Dozens of villagers also trudged along the path, many finally giving up hope of finding their families. Liu Hong stumbled along in black high-heeled sandals, the only shoes she had. Her arms were wrapped around all she had left of her life: a yellow cotton quilt, a black satchel, a pair of slippers, black socks and a comb. They had all belonged to her fiance, who was killed in the quake when his two-story office building was swallowed into the earth.

"I couldn't even find his body. Why can't I find his body?" she cried as she walked. "We wanted to live together for 70 years. We promised we were going to bury our ashes together."

Smoke rose from smoldering ruins. Several smashed cars sat on a hillside. Rockslides had pushed down trees and smashed into the town, leaving it looking as if it had been bombed. Buildings were cocked to one side. Some were cracked open. The only regular sounds were from heavy earthmoving equipment trying to get boulders out of the road. An acrid smell hung over the streets.

One woman was rescued from the second story of an apartment building after soldiers heard her moaning. The building's front wall had been shorn off and the floors and walls were cantilevered.

Using a crowbar to lift the debris of the unstable structure, rescuers spent three hours pulling her out. Once she was freed, they wrapped her in cotton batting and laid her on a stretcher. Her nose and mouth were caked with ashes and dirt, which they brushed away. The only vein they could find to administer an intravenous drip was in her foot.

Cui Changqing was one of several volunteer doctors wandering the ruins of Beichuan with a shopping bag of medicine. Tied to his doctor's coat was a red ribbon. "Everyone with this ribbon is from Tangshan," he said, the site of the earthquake that killed an estimated 240,000 people in 1976.

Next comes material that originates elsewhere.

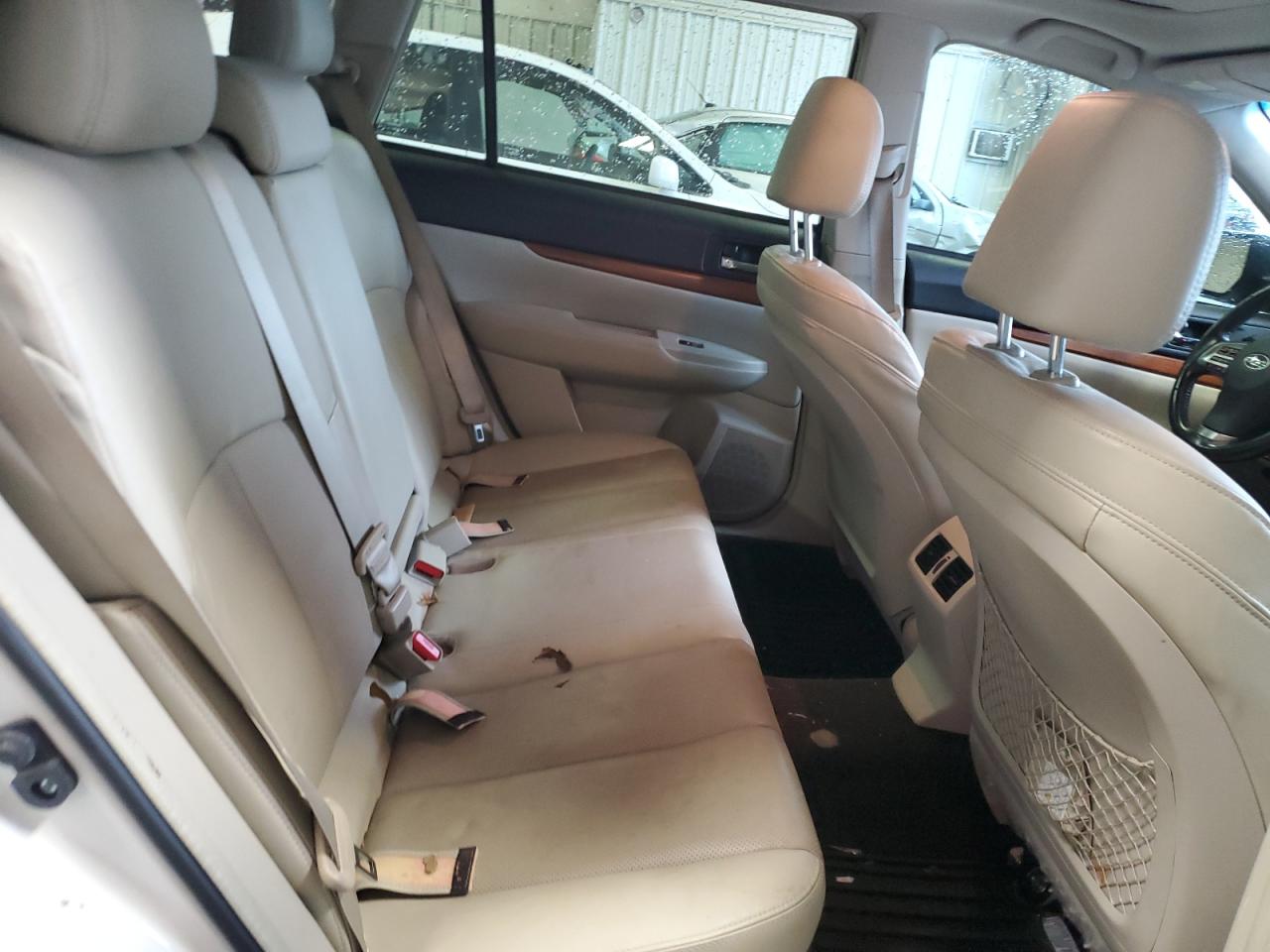 2014 Subaru Outback - Image 11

Cui's parents were survivors of that disaster. When he saw the news of the Sichuan quake, he asked his hospital for time off and airfare to reach the site.

The dead were laid out near where they had been found. One body, covered in a pink sheet, was about 100 yards from where the soldiers were planning their rescue efforts.

After about two hours of discussion, they heard by radio that more children were alive in the rubble of a school farther down the valley. Since they could confirm only one person alive in this place, they left behind some bottled water and six army paramedics and moved out to try to rescue those at the school.

Several local men who had been watching the scene scrambled down the valley and began moving rocks and wood to see if they could get a water bottle to the person trapped underneath. In all the noise, it was unclear if there were any more taps.